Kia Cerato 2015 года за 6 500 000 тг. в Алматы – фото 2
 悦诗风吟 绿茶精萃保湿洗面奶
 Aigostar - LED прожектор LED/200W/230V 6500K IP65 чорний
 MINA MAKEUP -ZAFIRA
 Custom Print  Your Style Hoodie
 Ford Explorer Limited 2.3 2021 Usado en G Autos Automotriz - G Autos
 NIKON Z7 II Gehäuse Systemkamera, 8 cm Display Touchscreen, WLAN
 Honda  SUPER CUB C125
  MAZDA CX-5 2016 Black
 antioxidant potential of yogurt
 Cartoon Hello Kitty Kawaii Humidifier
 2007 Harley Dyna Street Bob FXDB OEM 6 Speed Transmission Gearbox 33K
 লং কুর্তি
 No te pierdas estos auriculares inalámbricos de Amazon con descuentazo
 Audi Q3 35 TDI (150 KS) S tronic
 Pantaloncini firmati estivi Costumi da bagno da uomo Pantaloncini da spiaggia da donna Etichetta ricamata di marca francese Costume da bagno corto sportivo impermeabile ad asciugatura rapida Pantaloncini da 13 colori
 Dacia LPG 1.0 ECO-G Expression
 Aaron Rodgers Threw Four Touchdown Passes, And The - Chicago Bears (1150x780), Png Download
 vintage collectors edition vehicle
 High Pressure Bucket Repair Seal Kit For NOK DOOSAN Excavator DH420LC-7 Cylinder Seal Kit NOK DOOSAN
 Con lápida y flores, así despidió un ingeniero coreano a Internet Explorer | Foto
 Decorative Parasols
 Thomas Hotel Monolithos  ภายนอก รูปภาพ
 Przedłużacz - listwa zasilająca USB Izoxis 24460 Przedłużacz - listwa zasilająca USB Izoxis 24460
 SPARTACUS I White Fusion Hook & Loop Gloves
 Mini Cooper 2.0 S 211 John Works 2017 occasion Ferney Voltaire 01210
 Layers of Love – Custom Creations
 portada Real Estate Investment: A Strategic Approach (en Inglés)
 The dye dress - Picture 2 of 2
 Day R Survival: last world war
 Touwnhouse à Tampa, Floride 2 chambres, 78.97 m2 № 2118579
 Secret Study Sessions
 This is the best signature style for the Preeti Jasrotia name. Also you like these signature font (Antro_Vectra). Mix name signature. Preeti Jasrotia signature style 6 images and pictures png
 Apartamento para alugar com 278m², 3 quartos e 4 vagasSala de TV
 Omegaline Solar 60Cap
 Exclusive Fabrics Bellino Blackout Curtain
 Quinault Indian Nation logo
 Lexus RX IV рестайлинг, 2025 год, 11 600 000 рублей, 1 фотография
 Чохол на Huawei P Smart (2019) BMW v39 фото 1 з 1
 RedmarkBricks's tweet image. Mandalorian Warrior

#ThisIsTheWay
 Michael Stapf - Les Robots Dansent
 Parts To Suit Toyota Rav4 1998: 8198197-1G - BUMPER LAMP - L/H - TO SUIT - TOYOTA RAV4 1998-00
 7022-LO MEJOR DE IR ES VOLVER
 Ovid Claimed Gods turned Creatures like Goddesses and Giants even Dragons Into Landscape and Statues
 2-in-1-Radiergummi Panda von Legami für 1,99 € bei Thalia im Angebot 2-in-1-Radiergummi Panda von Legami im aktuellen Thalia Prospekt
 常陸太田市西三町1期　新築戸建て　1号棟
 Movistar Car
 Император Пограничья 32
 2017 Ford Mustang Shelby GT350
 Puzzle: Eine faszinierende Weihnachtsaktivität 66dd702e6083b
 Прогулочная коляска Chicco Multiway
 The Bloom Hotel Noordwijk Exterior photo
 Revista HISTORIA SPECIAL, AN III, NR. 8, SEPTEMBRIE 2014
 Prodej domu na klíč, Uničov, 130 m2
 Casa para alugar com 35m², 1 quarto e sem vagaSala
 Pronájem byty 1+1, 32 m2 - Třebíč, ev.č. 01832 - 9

**Instructions for the task:** Check the listing for the word "like". Show each line that has it.

**Answer to this exercise:**
 This is the best signature style for the Preeti Jasrotia name. Also you like these signature font (Antro_Vectra). Mix name signature. Preeti Jasrotia signature style 6 images and pictures png
 Ovid Claimed Gods turned Creatures like Goddesses and Giants even Dragons Into Landscape and Statues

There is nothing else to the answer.